I digress. The RSP Autumn School took place this week from 7th – 9th November at the said Miskin Manor near Cardiff. Over three days about 40 participants and speakers gathered to discuss the themes of the school: bringing the emphasis back to open access and demonstrating value to the institution. In the last year or so, repositories have become more embedded in their institutions, in particular with their contribution to research evaluation and reporting. The school focused on how we can continue to demonstrate the value of the repository to the institution without losing the impetus to make that research open access.
In this post I want to highlight a number of key points that emerged over the three days:
- David Prosser from RLUK, in the keynote address, showed how academic libraries have done an excellent job of providing seamless access to online subscription journals. Everything is now on the researcher’s desktop. However, this has hidden the costs and made it more difficult to demonstrate the need for open access. A suggestion was made that we have a “Closed Access” week just before Open Access week where access to subscription journals is turned off!
- Universities have a real appetite for business intelligence about how they are doing in comparison to other institutions and about trend in research performance. We can provide this using bibliometric tools and repository statistics. Niamh Brennan demonstrated how Trinity College at the University of Dublin has done this using some really stunning visualisation tools. She also tested our knowledge of wizarding spells from Harry Potter! She’s kindly agreed to run an online RSP master class on this – keep an eye on the RSP events page for more details.
- Cava, cakes and chocolate. These are not enough – well not enough to make sustainable changes in academics behaviour, although they can provide a short term incentive to deposit.
- Open Access enhances the impact of research. “Impact is the demonstrable contribution that excellent research makes to society and economy” (RCUK). Josh Brown described some, as yet unpublished, findings from three studies commissioned by JISC on behalf of the Open Access Implementation Group which looked at the benefits of open access to the private sector, the public sector outside HE and the voluntary and community sector.
- The importance of good narratives and anecdotes to demonstrate the value of open access generally and the repository’s role in particular.
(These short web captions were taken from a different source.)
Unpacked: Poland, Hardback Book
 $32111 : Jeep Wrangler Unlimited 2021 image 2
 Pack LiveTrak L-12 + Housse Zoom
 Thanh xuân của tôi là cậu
The studies that Josh described provide case studies which can be used by repository staff but many people have examples of how exposure by the repository has benefited the institution and individual academics e.g. through increased opportunities for collaborative research.
- The need for sustainable support services for repositories. Edina at the University of Edinburgh have been commissioned by JISC to develop UK RepositoryNet, a socio-technical infrastructure to support repositories. Theo Andrew from Edina and Veronica Adamson from Glenaffric (via Skype) ran a workshop to gain input from the delegates as to what they wanted from such a service.
- We all felt enthused about bringing the emphasis back to open access. The final sessions on Wednesday morning were devoted to this. Lots of original ideas were generated as to how we can make it happen. These will be the subject of a future blog post.
I really enjoyed the opportunity to spend three days with old and new colleagues discussing these very important issues. Thanks to all the speakers and participants for making it a really worthwhile event.